**Exercise goal:** Range to output from the entries below: the line containing "Digitale Laser Snelheids- en" through the line containing "Dunvegan Highboard - Vit". Set it down exactly, ends included, nothing else.
(Beginning of Records for the exercise)
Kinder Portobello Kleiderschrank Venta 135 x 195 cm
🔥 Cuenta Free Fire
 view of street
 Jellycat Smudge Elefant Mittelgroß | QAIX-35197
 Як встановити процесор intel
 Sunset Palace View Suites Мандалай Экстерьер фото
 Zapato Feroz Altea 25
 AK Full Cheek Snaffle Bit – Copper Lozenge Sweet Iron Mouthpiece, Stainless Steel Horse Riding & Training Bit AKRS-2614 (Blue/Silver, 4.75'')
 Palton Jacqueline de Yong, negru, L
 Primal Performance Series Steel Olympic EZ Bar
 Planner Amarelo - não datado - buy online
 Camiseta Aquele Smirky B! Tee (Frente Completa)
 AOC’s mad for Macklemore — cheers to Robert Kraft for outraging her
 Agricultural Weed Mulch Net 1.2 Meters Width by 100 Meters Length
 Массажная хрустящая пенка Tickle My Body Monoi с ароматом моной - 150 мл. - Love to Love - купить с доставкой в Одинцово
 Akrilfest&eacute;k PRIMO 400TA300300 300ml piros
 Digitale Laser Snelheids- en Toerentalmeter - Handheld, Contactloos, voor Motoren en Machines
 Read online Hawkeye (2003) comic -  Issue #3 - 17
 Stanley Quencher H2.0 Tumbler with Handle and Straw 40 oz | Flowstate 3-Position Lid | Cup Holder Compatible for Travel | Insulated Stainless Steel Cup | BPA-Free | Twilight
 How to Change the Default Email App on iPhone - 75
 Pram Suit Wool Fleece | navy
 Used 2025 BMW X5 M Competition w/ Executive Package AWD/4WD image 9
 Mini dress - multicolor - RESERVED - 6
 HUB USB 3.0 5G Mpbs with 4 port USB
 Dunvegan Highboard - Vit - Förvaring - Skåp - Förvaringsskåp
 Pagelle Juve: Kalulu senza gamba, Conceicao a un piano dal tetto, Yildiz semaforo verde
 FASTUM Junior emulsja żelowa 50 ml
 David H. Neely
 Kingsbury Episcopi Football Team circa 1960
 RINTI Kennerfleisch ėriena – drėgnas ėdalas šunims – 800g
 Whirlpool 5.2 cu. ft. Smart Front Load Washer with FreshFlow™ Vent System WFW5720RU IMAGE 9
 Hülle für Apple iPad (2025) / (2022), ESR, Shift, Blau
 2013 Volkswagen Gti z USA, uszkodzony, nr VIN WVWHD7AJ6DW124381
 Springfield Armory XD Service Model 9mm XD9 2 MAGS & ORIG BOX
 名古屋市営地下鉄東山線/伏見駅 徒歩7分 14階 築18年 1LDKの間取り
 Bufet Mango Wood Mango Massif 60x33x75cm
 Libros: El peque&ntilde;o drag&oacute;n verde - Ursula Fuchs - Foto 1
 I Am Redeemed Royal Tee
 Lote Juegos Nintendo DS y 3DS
(End of Records for the exercise)
**Output:**
 Digitale Laser Snelheids- en Toerentalmeter - Handheld, Contactloos, voor Motoren en Machines
 Read online Hawkeye (2003) comic -  Issue #3 - 17
 Stanley Quencher H2.0 Tumbler with Handle and Straw 40 oz | Flowstate 3-Position Lid | Cup Holder Compatible for Travel | Insulated Stainless Steel Cup | BPA-Free | Twilight
 How to Change the Default Email App on iPhone - 75
 Pram Suit Wool Fleece | navy
 Used 2025 BMW X5 M Competition w/ Executive Package AWD/4WD image 9
 Mini dress - multicolor - RESERVED - 6
 HUB USB 3.0 5G Mpbs with 4 port USB
 Dunvegan Highboard - Vit - Förvaring - Skåp - Förvaringsskåp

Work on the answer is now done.